■ Work to complete
In the records below, begin at the line containing "Marlee 50cm LED Wall Light" and end at the line containing "Pharmaceutical industry microfiltration"; quote every line in that span exactly, including both boundary lines, and no others.

■ Data extracts
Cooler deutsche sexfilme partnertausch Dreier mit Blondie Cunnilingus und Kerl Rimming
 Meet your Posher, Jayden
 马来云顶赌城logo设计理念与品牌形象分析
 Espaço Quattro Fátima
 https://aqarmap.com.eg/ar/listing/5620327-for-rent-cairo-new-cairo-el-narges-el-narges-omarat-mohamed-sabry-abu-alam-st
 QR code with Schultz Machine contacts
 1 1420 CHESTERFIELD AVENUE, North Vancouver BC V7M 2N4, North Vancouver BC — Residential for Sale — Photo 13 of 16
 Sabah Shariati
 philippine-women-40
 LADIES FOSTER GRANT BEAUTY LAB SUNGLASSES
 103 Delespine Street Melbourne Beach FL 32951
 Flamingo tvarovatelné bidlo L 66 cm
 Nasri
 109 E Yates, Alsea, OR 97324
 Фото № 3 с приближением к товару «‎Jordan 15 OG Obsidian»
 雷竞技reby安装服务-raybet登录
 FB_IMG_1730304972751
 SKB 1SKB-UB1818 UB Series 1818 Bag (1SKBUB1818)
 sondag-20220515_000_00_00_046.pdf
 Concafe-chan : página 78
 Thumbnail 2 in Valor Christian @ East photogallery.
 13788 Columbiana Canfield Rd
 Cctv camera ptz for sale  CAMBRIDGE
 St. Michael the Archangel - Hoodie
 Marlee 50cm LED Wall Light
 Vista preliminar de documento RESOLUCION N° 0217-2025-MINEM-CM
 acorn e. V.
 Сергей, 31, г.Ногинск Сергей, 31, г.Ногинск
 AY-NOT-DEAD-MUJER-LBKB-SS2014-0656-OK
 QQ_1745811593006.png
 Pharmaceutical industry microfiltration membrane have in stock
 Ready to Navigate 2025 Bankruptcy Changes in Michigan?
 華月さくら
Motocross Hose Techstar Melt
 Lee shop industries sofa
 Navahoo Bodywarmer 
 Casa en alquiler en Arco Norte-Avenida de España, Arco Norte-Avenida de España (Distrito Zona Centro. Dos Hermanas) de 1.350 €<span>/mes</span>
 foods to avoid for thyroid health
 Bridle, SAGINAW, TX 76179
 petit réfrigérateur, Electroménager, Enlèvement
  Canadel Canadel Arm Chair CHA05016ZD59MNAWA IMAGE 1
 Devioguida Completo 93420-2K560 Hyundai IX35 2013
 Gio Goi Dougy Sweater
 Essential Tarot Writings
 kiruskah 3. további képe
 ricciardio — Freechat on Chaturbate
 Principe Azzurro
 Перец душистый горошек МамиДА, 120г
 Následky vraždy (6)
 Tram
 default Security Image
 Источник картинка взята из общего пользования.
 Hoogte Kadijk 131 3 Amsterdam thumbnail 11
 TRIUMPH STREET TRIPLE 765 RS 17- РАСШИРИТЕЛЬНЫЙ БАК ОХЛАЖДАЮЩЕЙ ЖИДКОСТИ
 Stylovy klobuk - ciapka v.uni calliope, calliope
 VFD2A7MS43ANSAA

■ Task output
 Marlee 50cm LED Wall Light
 Vista preliminar de documento RESOLUCION N° 0217-2025-MINEM-CM
 acorn e. V.
 Сергей, 31, г.Ногинск Сергей, 31, г.Ногинск
 AY-NOT-DEAD-MUJER-LBKB-SS2014-0656-OK
 QQ_1745811593006.png
 Pharmaceutical industry microfiltration membrane have in stock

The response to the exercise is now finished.